String scan question

Srinsriram · 6 April 2007 16:55

this is probably elementary but I just havent found the right/
reliable way to do this (that works always)

if a string has content in tags such as <TagName> content goes here </

whats the best way to put the content inside an array.. the

content can have whitespace chars (end of lines tabs etc) that should
be preserved in the array element. These tags are simple (no
properties).

I assume that the scan method is relevant but am having trouble
constructing a regex that works reliably.

Peter_Szinek3 · 6 April 2007 16:59

srinsriram@gmail.com wrote:

this is probably elementary but I just havent found the right/
reliable way to do this (that works always)
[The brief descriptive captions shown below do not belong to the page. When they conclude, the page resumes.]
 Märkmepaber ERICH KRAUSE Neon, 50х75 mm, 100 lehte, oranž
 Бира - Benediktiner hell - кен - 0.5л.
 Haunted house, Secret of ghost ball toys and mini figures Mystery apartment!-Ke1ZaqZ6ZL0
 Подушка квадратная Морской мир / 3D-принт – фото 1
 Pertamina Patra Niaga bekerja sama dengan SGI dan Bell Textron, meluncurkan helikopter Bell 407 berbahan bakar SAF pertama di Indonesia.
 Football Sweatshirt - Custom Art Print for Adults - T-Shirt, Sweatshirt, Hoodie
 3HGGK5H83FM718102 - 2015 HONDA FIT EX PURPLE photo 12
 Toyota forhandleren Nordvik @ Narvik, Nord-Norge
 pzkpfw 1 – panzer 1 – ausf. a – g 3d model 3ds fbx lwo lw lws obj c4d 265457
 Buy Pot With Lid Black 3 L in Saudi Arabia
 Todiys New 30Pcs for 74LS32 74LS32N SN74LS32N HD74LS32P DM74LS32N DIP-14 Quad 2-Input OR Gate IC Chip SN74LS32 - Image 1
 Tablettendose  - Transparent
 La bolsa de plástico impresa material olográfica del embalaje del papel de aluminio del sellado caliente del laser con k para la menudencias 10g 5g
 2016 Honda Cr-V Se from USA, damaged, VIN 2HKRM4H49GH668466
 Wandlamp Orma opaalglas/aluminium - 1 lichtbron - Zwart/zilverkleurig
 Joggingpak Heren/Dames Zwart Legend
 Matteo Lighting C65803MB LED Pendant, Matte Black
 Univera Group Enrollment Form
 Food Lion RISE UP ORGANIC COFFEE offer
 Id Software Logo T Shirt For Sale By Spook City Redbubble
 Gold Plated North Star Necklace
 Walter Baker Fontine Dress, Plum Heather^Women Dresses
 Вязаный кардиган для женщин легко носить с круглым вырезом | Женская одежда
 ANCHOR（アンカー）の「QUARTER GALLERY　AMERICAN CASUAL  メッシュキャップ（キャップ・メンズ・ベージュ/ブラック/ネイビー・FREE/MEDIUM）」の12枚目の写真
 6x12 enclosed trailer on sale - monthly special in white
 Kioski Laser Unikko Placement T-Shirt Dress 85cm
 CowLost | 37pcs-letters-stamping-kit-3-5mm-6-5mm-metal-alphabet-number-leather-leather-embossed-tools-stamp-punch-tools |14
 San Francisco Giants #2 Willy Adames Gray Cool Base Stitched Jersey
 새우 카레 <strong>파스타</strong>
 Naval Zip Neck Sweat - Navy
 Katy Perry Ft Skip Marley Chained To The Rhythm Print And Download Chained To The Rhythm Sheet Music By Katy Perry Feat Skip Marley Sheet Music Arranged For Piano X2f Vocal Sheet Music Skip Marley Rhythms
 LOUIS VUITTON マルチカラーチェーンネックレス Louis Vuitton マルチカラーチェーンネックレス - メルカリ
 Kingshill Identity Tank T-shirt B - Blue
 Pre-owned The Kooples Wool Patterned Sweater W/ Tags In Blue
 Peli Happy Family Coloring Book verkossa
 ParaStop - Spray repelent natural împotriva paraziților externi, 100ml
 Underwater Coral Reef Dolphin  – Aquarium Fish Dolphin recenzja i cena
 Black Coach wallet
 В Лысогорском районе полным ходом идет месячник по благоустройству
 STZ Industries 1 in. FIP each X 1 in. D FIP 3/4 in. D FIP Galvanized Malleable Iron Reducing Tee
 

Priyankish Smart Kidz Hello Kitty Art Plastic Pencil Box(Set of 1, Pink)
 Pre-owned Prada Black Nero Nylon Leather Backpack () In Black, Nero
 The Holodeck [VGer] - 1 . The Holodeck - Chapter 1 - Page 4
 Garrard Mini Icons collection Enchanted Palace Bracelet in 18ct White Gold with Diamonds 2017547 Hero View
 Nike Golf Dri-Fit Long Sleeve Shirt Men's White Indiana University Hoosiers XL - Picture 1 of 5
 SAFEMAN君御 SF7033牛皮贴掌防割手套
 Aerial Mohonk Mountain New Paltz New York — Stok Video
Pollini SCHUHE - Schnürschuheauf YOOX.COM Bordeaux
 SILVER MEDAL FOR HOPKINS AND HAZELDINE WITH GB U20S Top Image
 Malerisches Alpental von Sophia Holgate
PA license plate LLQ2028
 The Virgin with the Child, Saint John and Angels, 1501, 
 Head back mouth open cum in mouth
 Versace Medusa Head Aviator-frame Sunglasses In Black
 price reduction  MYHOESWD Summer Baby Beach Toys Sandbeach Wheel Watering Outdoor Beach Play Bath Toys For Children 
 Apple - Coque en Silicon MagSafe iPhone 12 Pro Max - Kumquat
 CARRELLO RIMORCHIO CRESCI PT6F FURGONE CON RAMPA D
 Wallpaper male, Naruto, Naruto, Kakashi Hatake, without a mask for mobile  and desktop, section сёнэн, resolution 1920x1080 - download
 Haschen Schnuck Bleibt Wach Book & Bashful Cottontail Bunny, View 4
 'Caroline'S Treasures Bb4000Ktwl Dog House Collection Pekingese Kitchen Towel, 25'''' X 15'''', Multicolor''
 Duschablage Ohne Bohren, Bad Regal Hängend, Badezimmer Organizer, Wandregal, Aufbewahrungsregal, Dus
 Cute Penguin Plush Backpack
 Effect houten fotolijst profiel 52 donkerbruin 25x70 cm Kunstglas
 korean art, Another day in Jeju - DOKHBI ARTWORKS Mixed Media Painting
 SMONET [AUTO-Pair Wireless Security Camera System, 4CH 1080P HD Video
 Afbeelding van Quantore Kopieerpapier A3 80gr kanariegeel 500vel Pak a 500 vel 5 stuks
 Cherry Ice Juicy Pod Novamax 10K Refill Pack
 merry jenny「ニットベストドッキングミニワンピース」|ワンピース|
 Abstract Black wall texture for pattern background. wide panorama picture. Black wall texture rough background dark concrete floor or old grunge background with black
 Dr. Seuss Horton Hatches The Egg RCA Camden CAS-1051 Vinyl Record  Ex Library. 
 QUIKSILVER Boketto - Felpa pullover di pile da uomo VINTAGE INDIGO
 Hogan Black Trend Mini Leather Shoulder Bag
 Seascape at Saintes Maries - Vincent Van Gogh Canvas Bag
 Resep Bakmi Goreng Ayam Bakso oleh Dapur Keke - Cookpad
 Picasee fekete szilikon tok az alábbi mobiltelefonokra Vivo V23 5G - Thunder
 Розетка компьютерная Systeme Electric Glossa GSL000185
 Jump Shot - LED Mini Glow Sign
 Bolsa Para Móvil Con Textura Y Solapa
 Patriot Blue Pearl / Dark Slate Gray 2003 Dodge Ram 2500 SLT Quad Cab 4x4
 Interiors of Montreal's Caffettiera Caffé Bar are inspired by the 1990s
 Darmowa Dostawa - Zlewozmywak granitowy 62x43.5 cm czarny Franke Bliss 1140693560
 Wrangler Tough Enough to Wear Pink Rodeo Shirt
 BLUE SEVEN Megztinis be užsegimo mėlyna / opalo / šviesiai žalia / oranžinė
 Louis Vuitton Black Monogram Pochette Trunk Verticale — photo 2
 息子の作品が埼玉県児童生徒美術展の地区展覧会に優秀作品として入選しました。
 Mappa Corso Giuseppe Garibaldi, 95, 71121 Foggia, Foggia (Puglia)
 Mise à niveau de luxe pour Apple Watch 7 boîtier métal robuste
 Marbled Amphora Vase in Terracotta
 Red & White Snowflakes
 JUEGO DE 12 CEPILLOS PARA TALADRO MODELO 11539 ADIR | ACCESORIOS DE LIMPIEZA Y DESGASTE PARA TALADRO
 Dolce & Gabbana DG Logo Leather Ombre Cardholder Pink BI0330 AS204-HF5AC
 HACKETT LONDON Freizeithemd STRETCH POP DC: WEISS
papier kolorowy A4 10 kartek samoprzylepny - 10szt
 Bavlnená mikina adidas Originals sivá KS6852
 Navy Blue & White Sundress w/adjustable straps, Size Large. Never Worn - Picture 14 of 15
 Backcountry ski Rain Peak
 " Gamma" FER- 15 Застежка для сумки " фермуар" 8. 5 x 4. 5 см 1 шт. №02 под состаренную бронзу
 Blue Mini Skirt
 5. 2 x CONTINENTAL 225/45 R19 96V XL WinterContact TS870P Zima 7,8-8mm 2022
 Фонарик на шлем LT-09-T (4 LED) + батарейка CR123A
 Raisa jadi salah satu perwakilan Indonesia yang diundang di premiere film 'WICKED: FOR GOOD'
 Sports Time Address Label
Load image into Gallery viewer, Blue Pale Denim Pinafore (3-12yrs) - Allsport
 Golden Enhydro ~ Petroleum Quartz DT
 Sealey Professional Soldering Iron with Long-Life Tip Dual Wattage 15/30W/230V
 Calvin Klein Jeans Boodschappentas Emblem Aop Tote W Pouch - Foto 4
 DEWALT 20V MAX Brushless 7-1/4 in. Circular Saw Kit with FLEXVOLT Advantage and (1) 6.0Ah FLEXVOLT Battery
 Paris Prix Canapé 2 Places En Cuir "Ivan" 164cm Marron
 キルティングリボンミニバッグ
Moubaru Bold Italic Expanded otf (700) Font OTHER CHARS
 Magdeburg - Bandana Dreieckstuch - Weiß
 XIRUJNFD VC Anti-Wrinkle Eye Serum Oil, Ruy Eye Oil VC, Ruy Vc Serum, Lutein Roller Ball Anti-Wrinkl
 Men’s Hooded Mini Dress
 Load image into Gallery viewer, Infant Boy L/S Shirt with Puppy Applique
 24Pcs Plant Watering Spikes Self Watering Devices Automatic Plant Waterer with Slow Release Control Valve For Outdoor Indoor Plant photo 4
if a string has content in tags such as <TagName> content goes here </
> whats the best way to put the content inside an array.. the
content can have whitespace chars (end of lines tabs etc) that should
be preserved in the array element. These tags are simple (no
properties).

I assume that the scan method is relevant but am having trouble
constructing a regex that works reliably.

try

html_file.scan(/<TagName>(.+?)</).flatten

This will put the text contents of all <TagName> tags into an array.

Cheers,
Peter

···

--
http://www.rubyrailways.com :: Ruby and Web2.0 blog
http://scrubyt.org :: Ruby web scraping framework
http://rubykitchensink.ca/ :: The indexed archive of all things Ruby

Srinsriram · 6 April 2007 17:10

Here is a simple test case

s = <VariableValue>\nXXX\n</VariableValue>\n\n<VariableValue>
\n<Choice> Administrative Support - Supervisors<Choice>\n</

\n\n"

for the VariableValue tag, there should be 2 array elements \nXXX
\n AND \n<Choice> Administrative Support - Supervisors<Choice>\n

s.scan(/<VariableValue>(.+?)</).flatten returns an empty array

···

On Apr 6, 12:59 pm, Peter Szinek <p...@rubyrailways.com> wrote:

srinsri...@gmail.com wrote:
> this is probably elementary but I just havent found the right/
> reliable way to do this (that works always)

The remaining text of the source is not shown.